What we are building with The School of Entrepreneuring is also another alternative for students and families.

These alternatives aren’t just workarounds but prototypes for what education could look like when freed from industrial-era constraints. They’re able to iterate quickly, respond to student needs in real-time, and scale successful approaches through technology.
Critics often argue that these alternative models can’t scale to serve entire populations.
But this misunderstands both the nature of innovation and the current reality of our education system. Technology-enabled models have repeatedly demonstrated their ability to scale rapidly.
Consider how Khan Academy now reaches over 130 million learners globally. The question isn’t whether these alternatives can scale, but rather how quickly we can remove the artificial barriers to their growth.

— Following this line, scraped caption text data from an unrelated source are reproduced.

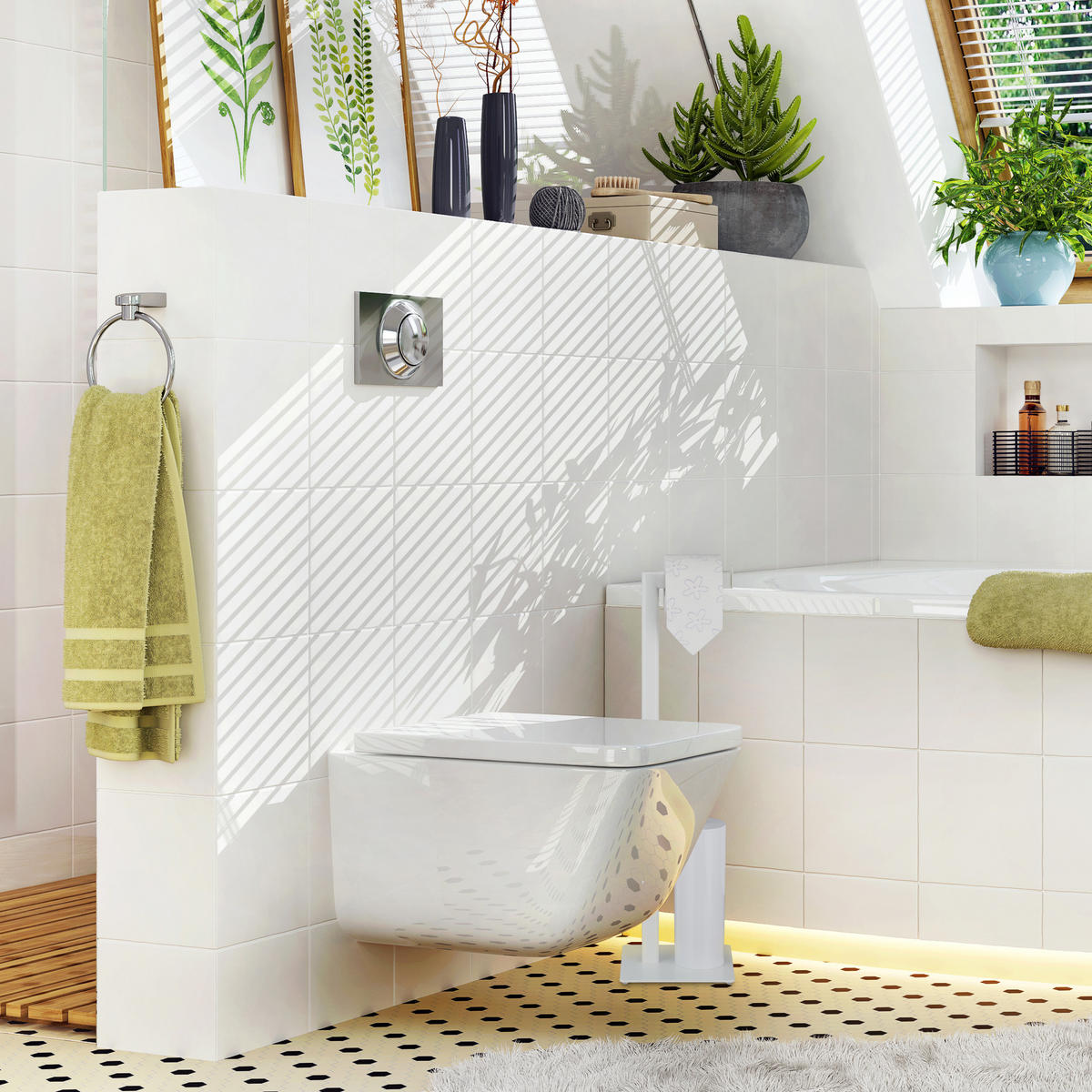 WC-GARNITUR - Weiß, Metall (20/72/20cm) - Relaxdays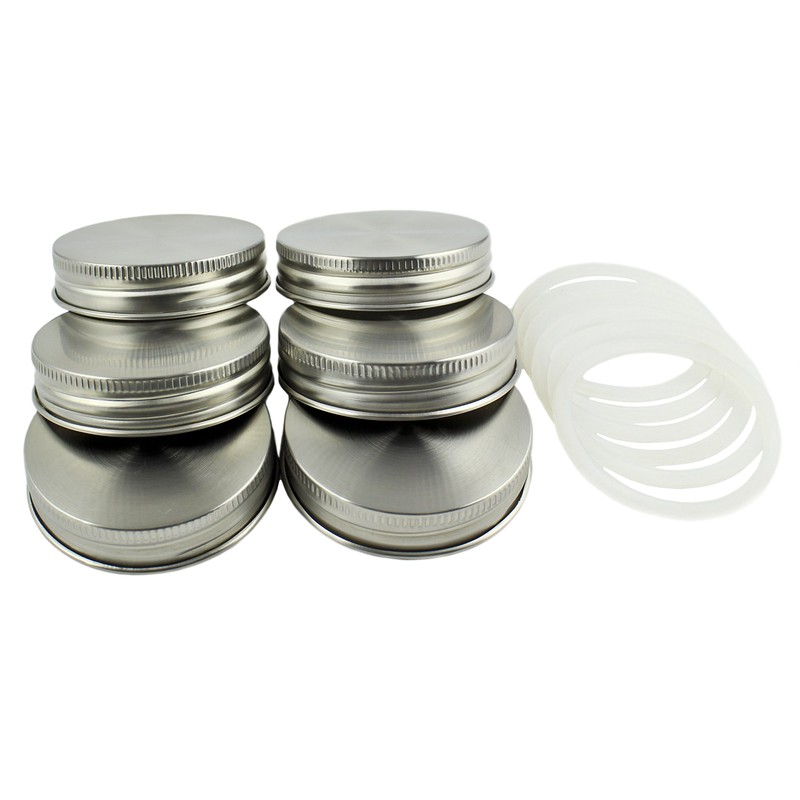 Zoie + Chloe Stainless Steel Mason Jar Lids with Silicone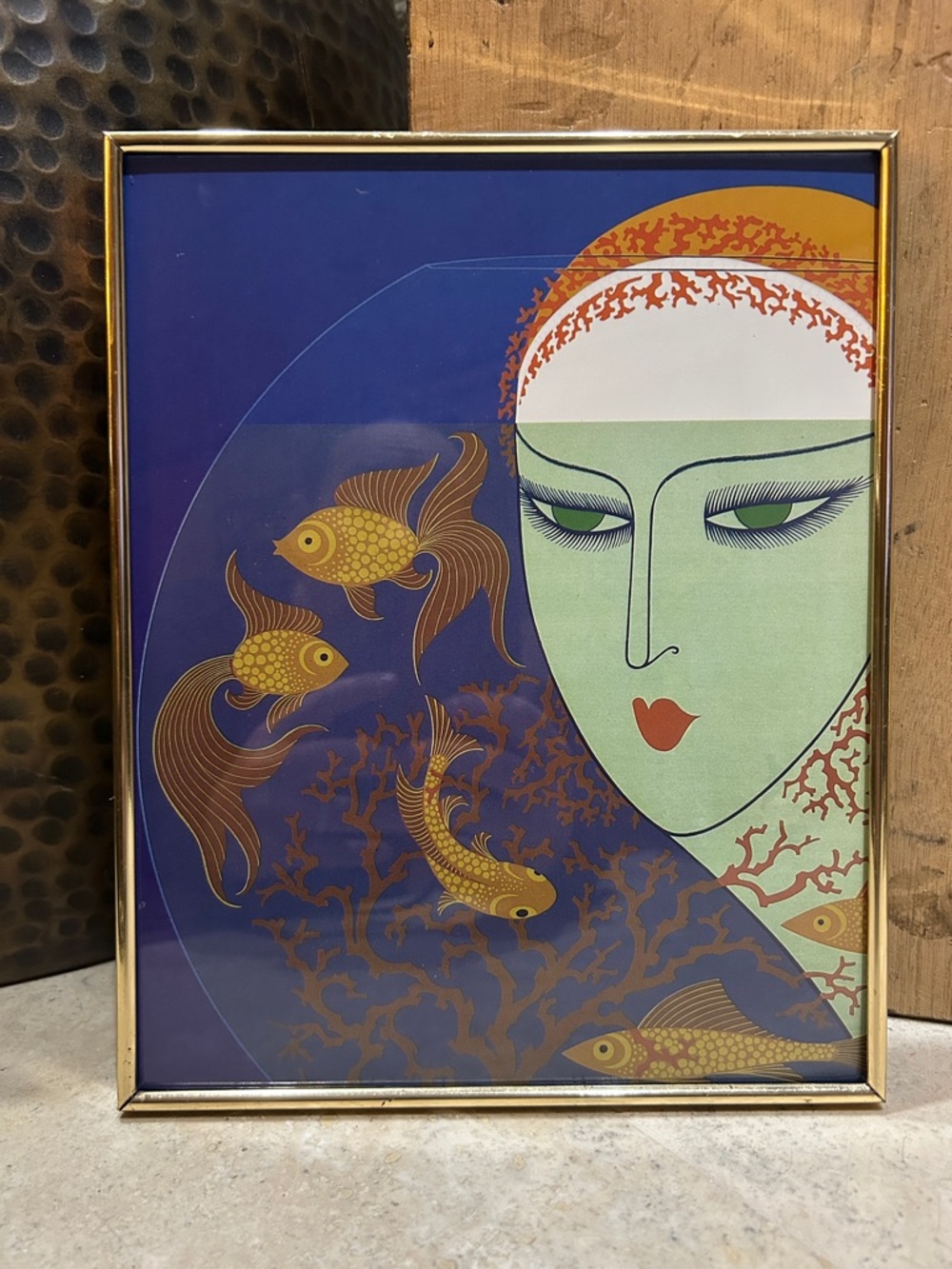ERTE Vintage Book Print- “Fish Bowl” Framed Art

Some worry that alternative education models might exacerbate inequity by favoring privileged families. This is a serious concern that deserves attention. However, it’s worth asking: How well has the current system served disadvantaged communities? Despite decades of reform efforts and billions in funding (some which were elaborate distractions), achievement gaps persist or widen. The current system pays lip service to equity while perpetuating the very disparities it claims to address.
New models, by contrast, have the potential to dramatically lower costs and increase access. Many alternative education providers are already developing scholarship programs and partnerships specifically designed to serve underserved communities.
What about accountability?
Critics argue that parallel systems lack the oversight of traditional public education. But we should examine what the current accountability measures have actually achieved. Standardized testing and bureaucratic oversight haven’t prevented the decline in educational outcomes. In fact, current incentives often drive gamifying results (holy grade inflation) or outright fraud & corruption. Real accountability comes from empowering families with choices and information. When parents can vote with their feet, educators must deliver results or lose students.
The data tells a clear story.
- Since 2000, U.S. PISA scores have stagnated or declined
- At the same time, spending per pupil has increased by over 35% in real terms
- Teacher satisfaction has hit historic lows, with 55% now indicating they’re likely to leave the profession earlier than planned.
Meanwhile, alternative models show promising results.
Students in well-designed microschools often outperform their district peers, and project-based learning programs report higher engagement and better career outcomes.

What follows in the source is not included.